Results. Among a total of 31 women, the mean STAI score for state anxiety was 46.77 (SD=12.92) and the mean STAI score for trait anxiety was 46.81 (SD=9.50); 51.6% of the patients had a STAI state anxiety score of >50, while 41.9% of the patients had a STAI trait anxiety score >50. There was no significant association between either elevated STAI state or trait anxiety scores and age group ( χ 2 =1.77; p= 0.18 and χ 2 =0.001; p= 0.98, respectively); marital status ( χ 2 =0.301; p= 0.58 and χ 2 =0.834; p= 0.36); level of education ( χ 2 =0.444; p= 0.51 and χ 2 =2.40; p= 0.12); employment status ( χ 2 =1.78; p= 0.18 and χ 2 =0.001; p= 0.98); monthly income ( χ 2 =1.15; p= 0.28 and χ 2 =0.03; p= 0.86) or using stimulants ( χ 2 =0.416; p= 0.52 and χ 2 =0.394; p= 0.53).

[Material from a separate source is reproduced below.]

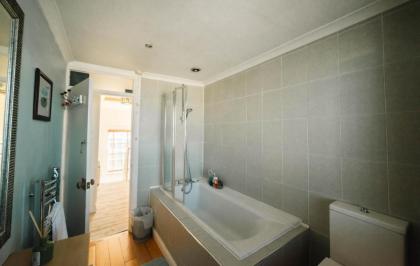 Stylish 2 Bedroom Flat in Camden Town - image 14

There was a significant negative correlation between age and STAI state anxiety scores ( r 2 =0.004; p= 0.017) and a positive correlation between age and STAI trait anxiety scores ( r 2 =0.004; p= 0.019).
Conclusion. This study reported significantly elevated trait anxiety scores relating to colposcopy and emphasises the need to identify the anxiety and institute a plan to ameliorate it with information booklets, leaflets, video colposcopy and educational counselling.